A Brief Etiology of AD/HD

AD/HD is ‘one of the most prevalent psychiatric disorders in the U.S.’ (Barkley, 1997: 3)4 and a burgeoning disorder in the UK. In 1895 the German physician Heinrich Hoffman wrote a story about one ‘Fidgety Phil’ who had difficulty sitting still and remaining focused on tasks. The first medical reference to what is now called AD/HD is however generally attributed to the English physician George Still (1902). Through attention to ‘Fidgety Phil’ type children, Still concluded that the ‘immediate gratification of the self [was] the “key note” quality’ of such ‘lawless children’ (Barkley, 1997: 4). The children that he observed also displayed signs of heightened emotionality or passion, insensitivity to punishment and problems with sustained attention. Still’s argument that the children suffered from a ‘defect in moral control’ (Barkley, 1997: 4) was reinforced by the fact that ‘to Still (1902), the moral control of behavior meant “the control of action in conformity with the idea of the good of all. Moral control was thought to arise out of a cognitive or conscious comparison of the individual’s volitional activity with that of the good of all” (p.1008)’ (Barkley, 1997: 4, emphasis added).

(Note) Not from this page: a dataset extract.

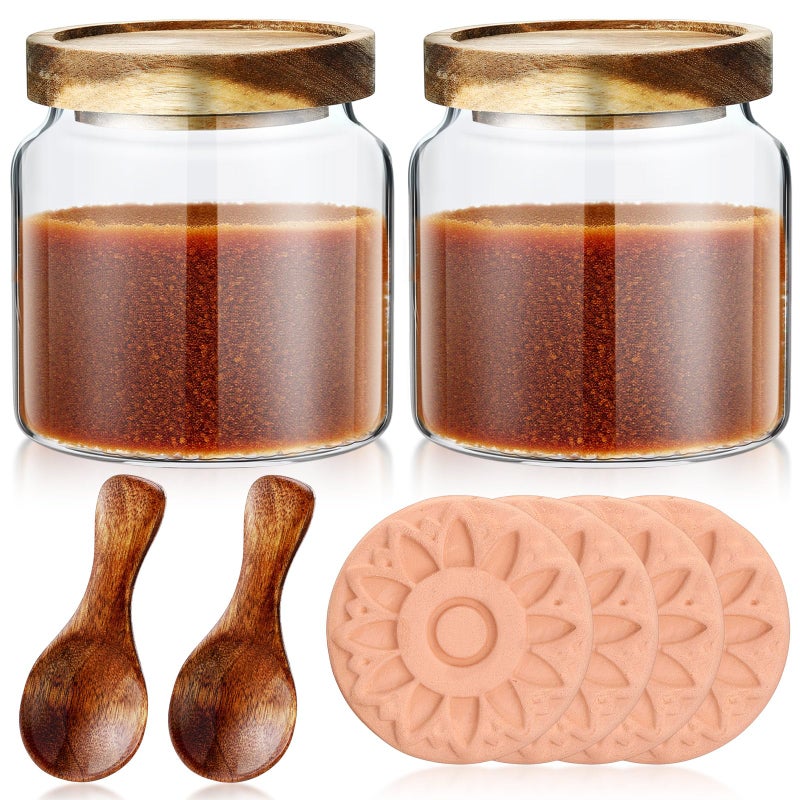 Maxdot 2 Pack Brown Sugar Keeper Container with Spoon, 500 ml / 0.53 Qt Glass Brown Sugar Storage Container with Wooden Spoon and Lid, Clear Glass Storage Jar for Baking, Salt and Snacks Saver - Image 1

From the initial collection of an array of symptoms, AD/HD came to be defined by the three core symptoms of inattention, impulsiveness and hyperactivity. Impulsiveness in AD/HD is described as ‘deficiency in inhibiting behavior in response to situational demands’ (Barkley, 1998: 58). Symptoms such as ‘poor sustained inhibition of responding,’ ‘poor delay of gratification,’ and ‘impaired adherence to commands to regulate or inhibit behavior in social contexts’ (Barkley, 1998: 59) are ubiquitous. Barkley has concluded: ‘evidence that behavioral disinhibition, or poor regulation and inhibition of behavior, is in fact the hallmark of this disorder is so substantial that it can be considered fact’ (Barkley, 1998: 59). Inattention does not mean that AD/HDers are distractible; in fact, they are no more so than normal children. Rather, they display ‘diminished persistence of effort on sustained responding to tasks that have little intrinsic appeal or minimal immediate consequences for completion’ (Barkley, 1998: 57). They are more likely to shift ‘off-task’ to engage in play that will be more immediately rewarding. Therefore inattention is mostly observed in ‘dull, boring, repetitive tasks’ (Barkley, 1998: 57). Interestingly, ‘ADHD children spend significantly less time observing a television program when toys are available for play than do normal children’ (Barkley, 1998: 57). Hyperactivity, in turn, is characterised as follows: ‘excessive or developmentally inappropriate levels of activity — restlessness, fidgeting and generally unnecessarily gross bodily movements are commonplace — these movements are often irrelevant to the task or situation and at times seem purposeless’ (Barkley, 1998: 60).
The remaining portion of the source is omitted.